DATA SUPPLIED

========

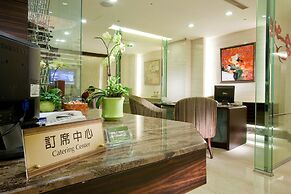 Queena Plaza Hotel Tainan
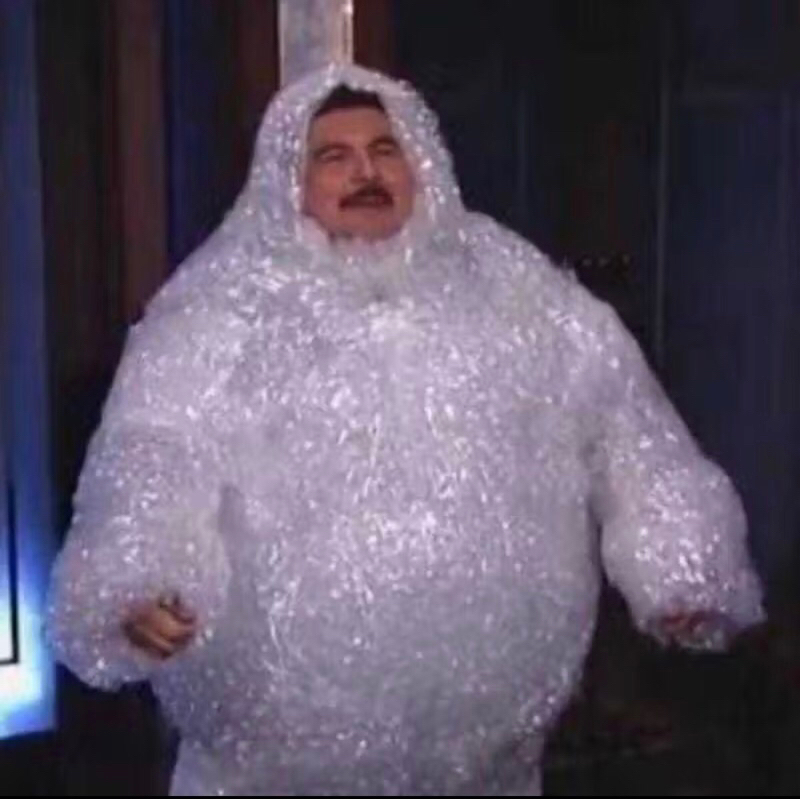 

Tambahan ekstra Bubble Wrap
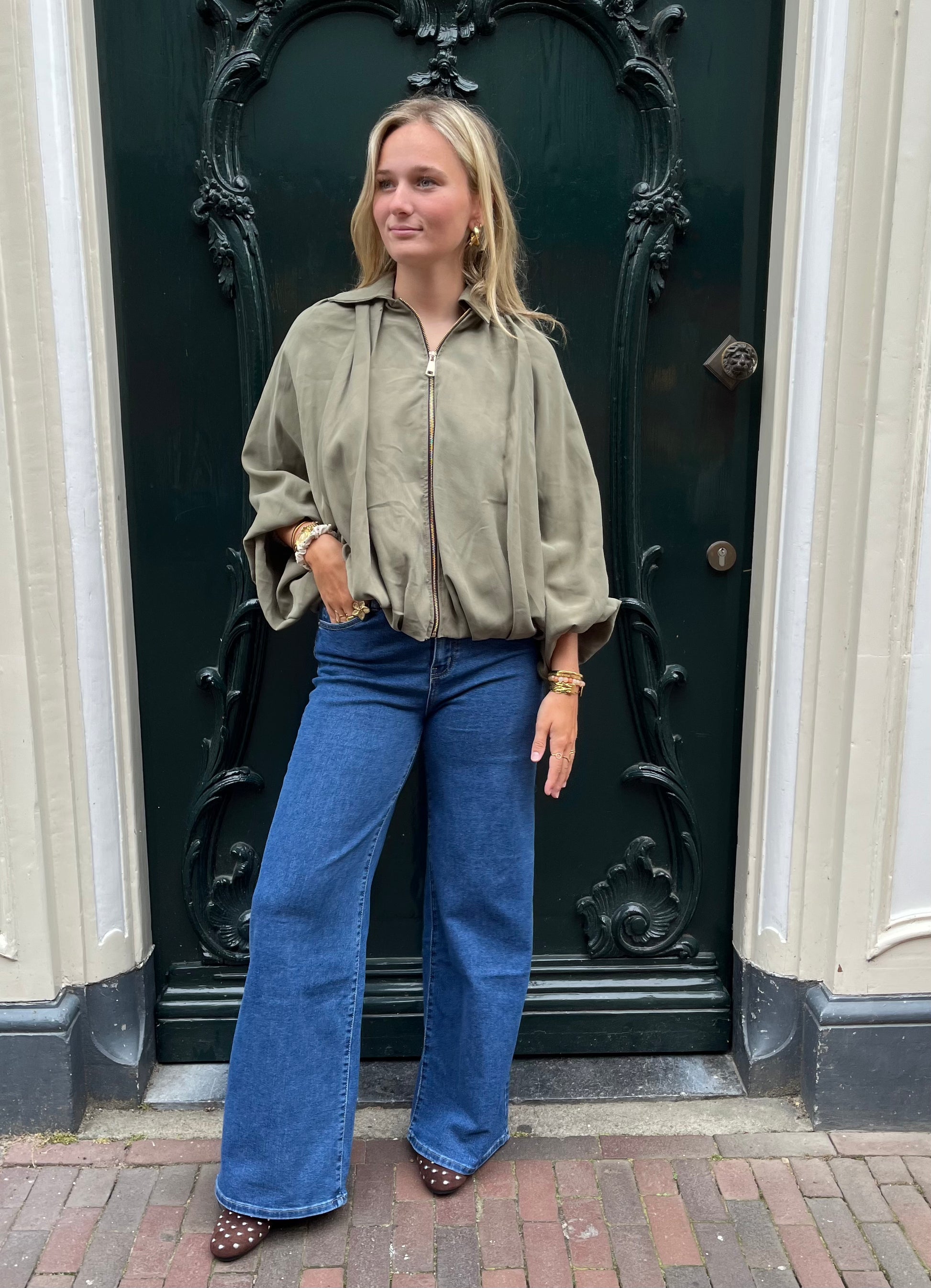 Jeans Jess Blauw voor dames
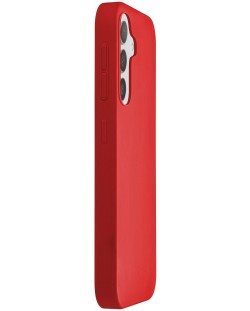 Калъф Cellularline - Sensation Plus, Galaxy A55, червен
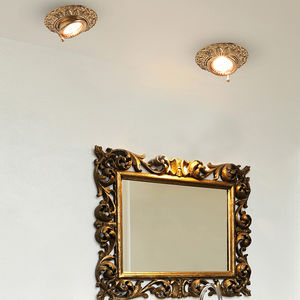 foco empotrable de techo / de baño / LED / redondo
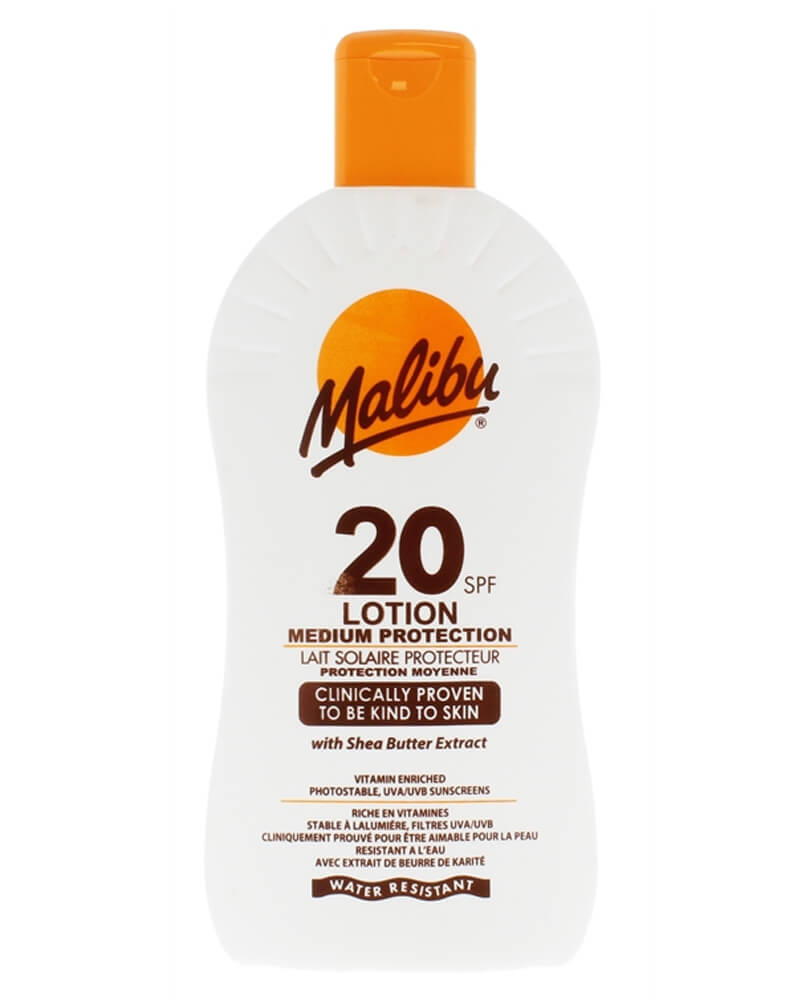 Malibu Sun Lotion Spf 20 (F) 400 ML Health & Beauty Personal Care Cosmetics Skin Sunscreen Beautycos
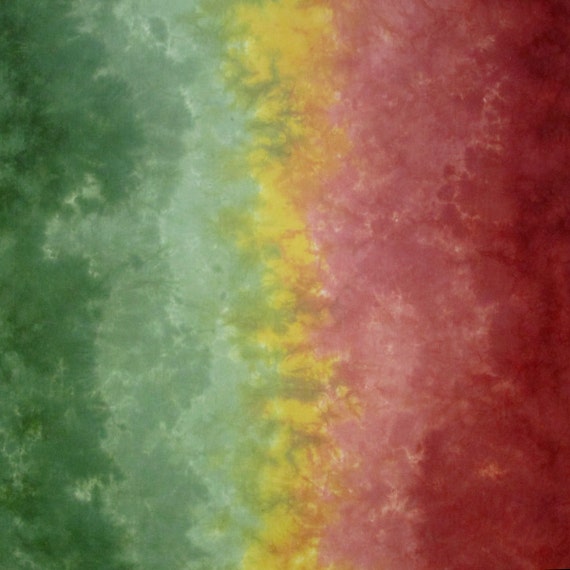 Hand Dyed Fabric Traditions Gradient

========

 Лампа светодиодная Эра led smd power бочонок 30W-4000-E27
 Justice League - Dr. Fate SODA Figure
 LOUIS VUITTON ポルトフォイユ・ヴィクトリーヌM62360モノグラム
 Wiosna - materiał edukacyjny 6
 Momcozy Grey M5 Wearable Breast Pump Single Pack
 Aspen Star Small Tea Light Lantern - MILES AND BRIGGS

========

YOUR OBJECTIVE
When you reach the line containing "foco empotrable de" in the entries above, begin restating word for word, and stop once the line containing "Hand Dyed Fabric Traditions Gradient" has been given. Omit the pictures.

SOLUTION TO THE EXERCISE
 foco empotrable de techo / de baño / LED / redondo
 Malibu Sun Lotion Spf 20 (F) 400 ML Health & Beauty Personal Care Cosmetics Skin Sunscreen Beautycos
 Hand Dyed Fabric Traditions Gradient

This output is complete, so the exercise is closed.